In the modern age of “progress”, men and women of America have gradually lost the ability to do things for themselves. The overwhelming majority no longer produce their own food, seek out their water, take care of their own shelter, make their own clothes, or repair their tools, presumably so they can have more time for leisure, which is identified with “fun”.

So what’s there left for us to do? The answer is buy, use, consume.

But as the prolific author Wendell Berry points out in his classic book The Unsettling of America, a consumer is not really free. “A mere consumer,” he writes, “is by definition a dependent.”

It is no accident, notes Berry, that we’ve had an increased emphasis on “rights”, and a decreased emphasis on “responsibilities”, in an age of mass consumerism. The various marches and protests that we see on behalf of “rights” are at root recognitions of powerlessness on the part of their participants. The ultimate purpose of the marches seems to be to encourage other people—those on whom we are dependent—to do something to fix a problem.

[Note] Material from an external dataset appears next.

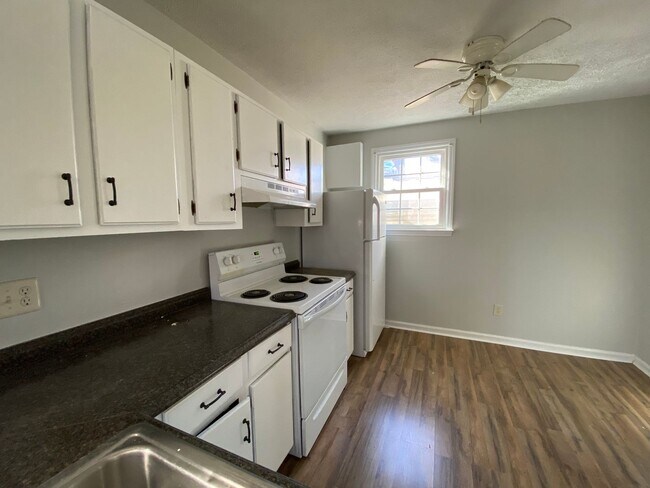 Foto del edificio - Two bedroom near Peaks View Park! Water, t...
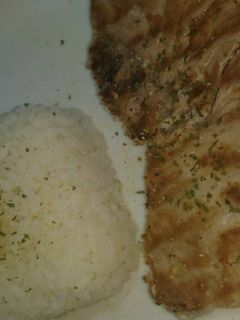 Una foto de Arroz y filete de atún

So how do we take back power and become more than “mere consumers”? According to Berry, it’s not really possible (or desirable) to go cold turkey on consumption. And it’s not going to be through aligning ourselves to some large-scale, organized movement. That’s just another form of undesirable, passive consumption.

Instead, he says, the way to fight back is to become a responsible consumer. He provides the following description of a what he means by this term:

1) “A responsible consumer would be a critical consumer, would refuse to purchase the less good.”

2) “He would be a moderate consumer; he would know his needs and would not purchase what he did not need; he would sort among his needs and study to reduce them.”

3) “The responsible consumer must also be in some way a producer. Out of his own resources and skills, he must be equal to some of his own needs. The household that prepares its own meals in its own kitchen with some intelligent regard for nutritional value, and thus depends on the grocer only for selected raw materials, exercises an influence on the food industry that reaches from the store all the way back to the seedsman. The household that produces some or all of its own food will have a proportionately greater influence. The household that can provide some of its own pleasures will not be helplessly dependent on the entertainment industry, will influence it by not being helplessly dependent on it, and will not support it thoughtlessly out of boredom.”

According to Berry, by performing these simple actions, the responsible consumer “is not confined to the negativity of his complaint… He influences the market by his freedom.” And gradually, through exercising his freedom on an individual basis, “the responsible consumer slips out of the consumer category altogether.”